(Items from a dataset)
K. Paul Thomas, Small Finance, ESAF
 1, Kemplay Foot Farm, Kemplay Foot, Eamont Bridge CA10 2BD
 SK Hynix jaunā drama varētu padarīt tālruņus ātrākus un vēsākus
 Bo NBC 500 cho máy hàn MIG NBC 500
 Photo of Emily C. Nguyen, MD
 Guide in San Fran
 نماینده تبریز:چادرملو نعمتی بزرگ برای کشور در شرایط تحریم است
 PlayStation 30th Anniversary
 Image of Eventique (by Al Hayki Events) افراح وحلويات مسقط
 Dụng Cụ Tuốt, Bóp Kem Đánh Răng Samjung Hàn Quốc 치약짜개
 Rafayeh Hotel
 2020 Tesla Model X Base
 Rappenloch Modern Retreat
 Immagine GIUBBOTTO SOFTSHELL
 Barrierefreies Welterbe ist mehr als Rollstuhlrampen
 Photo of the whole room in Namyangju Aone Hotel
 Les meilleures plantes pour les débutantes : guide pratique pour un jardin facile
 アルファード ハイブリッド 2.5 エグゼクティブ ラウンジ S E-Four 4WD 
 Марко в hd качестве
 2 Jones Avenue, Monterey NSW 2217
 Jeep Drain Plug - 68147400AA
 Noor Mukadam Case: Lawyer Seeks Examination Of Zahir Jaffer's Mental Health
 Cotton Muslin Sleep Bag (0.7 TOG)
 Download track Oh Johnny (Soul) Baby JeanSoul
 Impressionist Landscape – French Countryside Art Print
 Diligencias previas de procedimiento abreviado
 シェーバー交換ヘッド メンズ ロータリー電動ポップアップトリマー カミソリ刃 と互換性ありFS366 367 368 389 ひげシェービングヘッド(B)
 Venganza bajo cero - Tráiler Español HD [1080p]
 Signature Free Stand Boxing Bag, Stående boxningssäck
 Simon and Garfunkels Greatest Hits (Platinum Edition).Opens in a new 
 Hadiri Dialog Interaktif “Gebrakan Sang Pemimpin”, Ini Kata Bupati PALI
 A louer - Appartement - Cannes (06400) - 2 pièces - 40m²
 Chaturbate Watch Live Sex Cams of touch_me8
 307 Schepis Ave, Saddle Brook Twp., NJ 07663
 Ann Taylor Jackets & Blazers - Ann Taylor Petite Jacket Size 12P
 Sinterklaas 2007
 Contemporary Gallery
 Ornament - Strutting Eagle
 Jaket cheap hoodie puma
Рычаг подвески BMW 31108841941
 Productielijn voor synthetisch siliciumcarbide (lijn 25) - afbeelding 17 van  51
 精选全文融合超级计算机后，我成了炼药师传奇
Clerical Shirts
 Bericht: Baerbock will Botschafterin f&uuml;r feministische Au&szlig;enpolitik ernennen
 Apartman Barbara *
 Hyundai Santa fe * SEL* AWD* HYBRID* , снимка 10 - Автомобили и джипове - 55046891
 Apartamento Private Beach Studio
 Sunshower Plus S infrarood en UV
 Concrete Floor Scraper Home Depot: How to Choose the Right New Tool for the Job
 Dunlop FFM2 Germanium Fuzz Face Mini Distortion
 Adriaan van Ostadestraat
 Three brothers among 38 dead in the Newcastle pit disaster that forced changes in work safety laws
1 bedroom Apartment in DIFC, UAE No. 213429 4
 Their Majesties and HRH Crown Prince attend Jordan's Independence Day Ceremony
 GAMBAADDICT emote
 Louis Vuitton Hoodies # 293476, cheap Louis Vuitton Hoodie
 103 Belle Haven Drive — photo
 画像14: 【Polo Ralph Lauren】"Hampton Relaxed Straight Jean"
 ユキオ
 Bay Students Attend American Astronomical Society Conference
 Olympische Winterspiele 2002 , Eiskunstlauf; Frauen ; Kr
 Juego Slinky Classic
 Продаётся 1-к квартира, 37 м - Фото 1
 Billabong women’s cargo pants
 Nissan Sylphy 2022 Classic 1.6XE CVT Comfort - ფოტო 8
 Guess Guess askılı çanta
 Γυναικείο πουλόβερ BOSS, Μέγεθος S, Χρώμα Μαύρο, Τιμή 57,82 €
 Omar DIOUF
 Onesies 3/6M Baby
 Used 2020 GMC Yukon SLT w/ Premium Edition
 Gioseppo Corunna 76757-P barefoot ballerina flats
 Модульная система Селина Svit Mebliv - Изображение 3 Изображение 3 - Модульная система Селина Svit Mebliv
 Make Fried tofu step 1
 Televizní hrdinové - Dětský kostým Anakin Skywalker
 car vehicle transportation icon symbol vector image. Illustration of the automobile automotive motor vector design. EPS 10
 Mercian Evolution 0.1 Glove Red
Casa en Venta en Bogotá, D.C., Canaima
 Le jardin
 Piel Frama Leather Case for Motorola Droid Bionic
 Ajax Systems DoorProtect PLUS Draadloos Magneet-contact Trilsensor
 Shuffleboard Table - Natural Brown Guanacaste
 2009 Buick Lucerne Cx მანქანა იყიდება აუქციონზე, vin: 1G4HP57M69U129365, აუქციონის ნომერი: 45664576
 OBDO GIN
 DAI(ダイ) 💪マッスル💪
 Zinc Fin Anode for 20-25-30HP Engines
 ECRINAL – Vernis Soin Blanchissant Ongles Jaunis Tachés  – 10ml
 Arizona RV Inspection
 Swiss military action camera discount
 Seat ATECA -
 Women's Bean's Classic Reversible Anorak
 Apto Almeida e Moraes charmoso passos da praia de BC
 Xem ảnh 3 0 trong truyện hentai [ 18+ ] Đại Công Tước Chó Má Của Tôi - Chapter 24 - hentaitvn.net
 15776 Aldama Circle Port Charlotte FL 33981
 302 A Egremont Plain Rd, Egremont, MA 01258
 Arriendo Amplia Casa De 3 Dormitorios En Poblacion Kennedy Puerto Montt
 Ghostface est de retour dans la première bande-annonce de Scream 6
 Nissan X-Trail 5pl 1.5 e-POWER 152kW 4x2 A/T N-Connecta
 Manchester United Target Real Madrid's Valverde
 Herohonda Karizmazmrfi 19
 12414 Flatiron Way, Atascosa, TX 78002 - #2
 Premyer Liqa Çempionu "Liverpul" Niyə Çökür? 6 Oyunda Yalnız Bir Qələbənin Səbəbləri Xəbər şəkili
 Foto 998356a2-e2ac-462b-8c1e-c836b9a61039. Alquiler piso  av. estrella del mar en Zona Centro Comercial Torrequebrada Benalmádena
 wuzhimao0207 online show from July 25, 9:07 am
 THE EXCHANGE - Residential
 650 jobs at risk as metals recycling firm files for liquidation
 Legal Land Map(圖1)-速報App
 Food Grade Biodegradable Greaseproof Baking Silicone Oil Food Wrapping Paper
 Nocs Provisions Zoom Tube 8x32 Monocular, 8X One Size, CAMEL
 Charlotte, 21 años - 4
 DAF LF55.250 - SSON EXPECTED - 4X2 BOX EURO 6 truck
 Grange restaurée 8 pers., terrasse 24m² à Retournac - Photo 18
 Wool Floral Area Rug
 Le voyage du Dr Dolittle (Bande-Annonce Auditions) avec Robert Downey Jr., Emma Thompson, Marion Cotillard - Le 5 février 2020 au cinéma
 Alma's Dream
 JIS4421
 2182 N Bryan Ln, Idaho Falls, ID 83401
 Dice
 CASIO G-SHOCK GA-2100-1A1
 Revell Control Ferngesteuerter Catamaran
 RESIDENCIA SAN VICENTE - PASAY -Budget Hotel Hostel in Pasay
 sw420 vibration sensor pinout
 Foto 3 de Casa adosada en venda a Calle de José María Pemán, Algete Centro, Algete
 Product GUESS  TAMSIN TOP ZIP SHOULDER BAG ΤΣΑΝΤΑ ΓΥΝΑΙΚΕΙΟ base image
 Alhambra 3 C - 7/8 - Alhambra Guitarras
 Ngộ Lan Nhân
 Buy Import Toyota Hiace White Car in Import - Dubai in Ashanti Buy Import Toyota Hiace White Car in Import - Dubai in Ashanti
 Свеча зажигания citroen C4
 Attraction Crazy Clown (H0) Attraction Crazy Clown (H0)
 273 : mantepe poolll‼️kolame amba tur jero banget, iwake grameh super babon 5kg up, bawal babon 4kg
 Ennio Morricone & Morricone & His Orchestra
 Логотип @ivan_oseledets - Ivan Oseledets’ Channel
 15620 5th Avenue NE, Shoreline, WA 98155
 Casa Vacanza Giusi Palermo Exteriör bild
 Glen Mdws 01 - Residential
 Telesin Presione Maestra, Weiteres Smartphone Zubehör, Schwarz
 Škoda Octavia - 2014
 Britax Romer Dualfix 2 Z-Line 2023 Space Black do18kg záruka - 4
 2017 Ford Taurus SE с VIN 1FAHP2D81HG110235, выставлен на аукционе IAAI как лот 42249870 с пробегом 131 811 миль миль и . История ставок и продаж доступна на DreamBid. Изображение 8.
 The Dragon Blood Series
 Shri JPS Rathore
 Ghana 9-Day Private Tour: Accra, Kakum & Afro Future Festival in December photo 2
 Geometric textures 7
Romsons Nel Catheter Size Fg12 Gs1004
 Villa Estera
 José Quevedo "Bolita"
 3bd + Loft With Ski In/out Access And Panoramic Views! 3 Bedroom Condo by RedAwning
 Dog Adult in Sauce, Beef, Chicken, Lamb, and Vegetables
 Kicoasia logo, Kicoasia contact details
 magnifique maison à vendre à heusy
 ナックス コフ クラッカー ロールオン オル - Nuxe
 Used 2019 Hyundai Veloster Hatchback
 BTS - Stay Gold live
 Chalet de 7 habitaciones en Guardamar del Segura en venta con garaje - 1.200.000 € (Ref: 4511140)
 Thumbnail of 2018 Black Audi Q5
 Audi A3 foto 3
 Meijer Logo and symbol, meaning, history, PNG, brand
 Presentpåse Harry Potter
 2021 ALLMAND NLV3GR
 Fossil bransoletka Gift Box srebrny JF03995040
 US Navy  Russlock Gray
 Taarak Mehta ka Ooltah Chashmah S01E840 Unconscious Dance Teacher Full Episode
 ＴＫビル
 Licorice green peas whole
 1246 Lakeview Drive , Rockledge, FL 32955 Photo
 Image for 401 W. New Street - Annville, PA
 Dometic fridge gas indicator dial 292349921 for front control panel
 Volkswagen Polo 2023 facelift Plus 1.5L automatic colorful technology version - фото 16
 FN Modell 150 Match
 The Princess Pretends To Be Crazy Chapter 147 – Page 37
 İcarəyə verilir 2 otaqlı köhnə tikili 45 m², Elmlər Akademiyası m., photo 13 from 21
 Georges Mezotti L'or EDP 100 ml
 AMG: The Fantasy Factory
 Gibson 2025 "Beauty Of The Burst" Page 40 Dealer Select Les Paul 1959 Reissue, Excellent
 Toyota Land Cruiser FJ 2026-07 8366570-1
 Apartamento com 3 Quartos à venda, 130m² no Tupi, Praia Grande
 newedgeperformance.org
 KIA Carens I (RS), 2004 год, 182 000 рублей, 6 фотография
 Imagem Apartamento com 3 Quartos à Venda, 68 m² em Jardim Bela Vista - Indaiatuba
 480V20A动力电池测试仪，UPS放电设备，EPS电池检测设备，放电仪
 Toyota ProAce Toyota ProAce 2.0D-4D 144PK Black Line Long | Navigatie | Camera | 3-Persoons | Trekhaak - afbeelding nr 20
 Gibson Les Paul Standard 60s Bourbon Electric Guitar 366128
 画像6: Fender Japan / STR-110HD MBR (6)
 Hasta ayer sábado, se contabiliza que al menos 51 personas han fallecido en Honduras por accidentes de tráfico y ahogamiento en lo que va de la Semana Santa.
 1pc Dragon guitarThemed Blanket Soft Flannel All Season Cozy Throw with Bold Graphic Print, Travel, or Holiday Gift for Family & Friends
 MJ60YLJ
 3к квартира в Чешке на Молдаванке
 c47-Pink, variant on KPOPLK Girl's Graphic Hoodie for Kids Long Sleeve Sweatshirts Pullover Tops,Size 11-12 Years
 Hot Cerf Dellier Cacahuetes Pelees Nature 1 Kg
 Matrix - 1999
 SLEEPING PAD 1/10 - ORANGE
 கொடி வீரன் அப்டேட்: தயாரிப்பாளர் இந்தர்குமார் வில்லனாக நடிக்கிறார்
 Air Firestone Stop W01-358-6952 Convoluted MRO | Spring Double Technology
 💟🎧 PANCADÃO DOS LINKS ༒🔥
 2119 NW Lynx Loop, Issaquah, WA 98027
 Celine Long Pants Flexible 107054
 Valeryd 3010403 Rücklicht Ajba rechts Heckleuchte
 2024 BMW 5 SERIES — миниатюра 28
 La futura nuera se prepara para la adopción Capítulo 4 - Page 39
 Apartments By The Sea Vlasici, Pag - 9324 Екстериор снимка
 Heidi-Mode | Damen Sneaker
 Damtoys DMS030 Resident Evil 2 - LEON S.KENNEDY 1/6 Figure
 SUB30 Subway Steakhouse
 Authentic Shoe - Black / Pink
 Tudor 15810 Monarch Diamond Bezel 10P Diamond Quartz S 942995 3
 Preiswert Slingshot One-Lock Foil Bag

■ Task to carry out ■
Above are the records; copy exactly the lines from the line with "Download track Oh" through the line with "Bay Students Attend", both included.

■ Solution for this problem ■
 Download track Oh Johnny (Soul) Baby JeanSoul
 Impressionist Landscape – French Countryside Art Print
 Diligencias previas de procedimiento abreviado
 シェーバー交換ヘッド メンズ ロータリー電動ポップアップトリマー カミソリ刃 と互換性ありFS366 367 368 389 ひげシェービングヘッド(B)
 Venganza bajo cero - Tráiler Español HD [1080p]
 Signature Free Stand Boxing Bag, Stående boxningssäck
 Simon and Garfunkels Greatest Hits (Platinum Edition).Opens in a new 
 Hadiri Dialog Interaktif “Gebrakan Sang Pemimpin”, Ini Kata Bupati PALI
 A louer - Appartement - Cannes (06400) - 2 pièces - 40m²
 Chaturbate Watch Live Sex Cams of touch_me8
 307 Schepis Ave, Saddle Brook Twp., NJ 07663
 Ann Taylor Jackets & Blazers - Ann Taylor Petite Jacket Size 12P
 Sinterklaas 2007
 Contemporary Gallery
 Ornament - Strutting Eagle
 Jaket cheap hoodie puma
Рычаг подвески BMW 31108841941
 Productielijn voor synthetisch siliciumcarbide (lijn 25) - afbeelding 17 van  51
 精选全文融合超级计算机后，我成了炼药师传奇
Clerical Shirts
 Bericht: Baerbock will Botschafterin f&uuml;r feministische Au&szlig;enpolitik ernennen
 Apartman Barbara *
 Hyundai Santa fe * SEL* AWD* HYBRID* , снимка 10 - Автомобили и джипове - 55046891
 Apartamento Private Beach Studio
 Sunshower Plus S infrarood en UV
 Concrete Floor Scraper Home Depot: How to Choose the Right New Tool for the Job
 Dunlop FFM2 Germanium Fuzz Face Mini Distortion
 Adriaan van Ostadestraat
 Three brothers among 38 dead in the Newcastle pit disaster that forced changes in work safety laws
1 bedroom Apartment in DIFC, UAE No. 213429 4
 Their Majesties and HRH Crown Prince attend Jordan's Independence Day Ceremony
 GAMBAADDICT emote
 Louis Vuitton Hoodies # 293476, cheap Louis Vuitton Hoodie
 103 Belle Haven Drive — photo
 画像14: 【Polo Ralph Lauren】"Hampton Relaxed Straight Jean"
 ユキオ
 Bay Students Attend American Astronomical Society Conference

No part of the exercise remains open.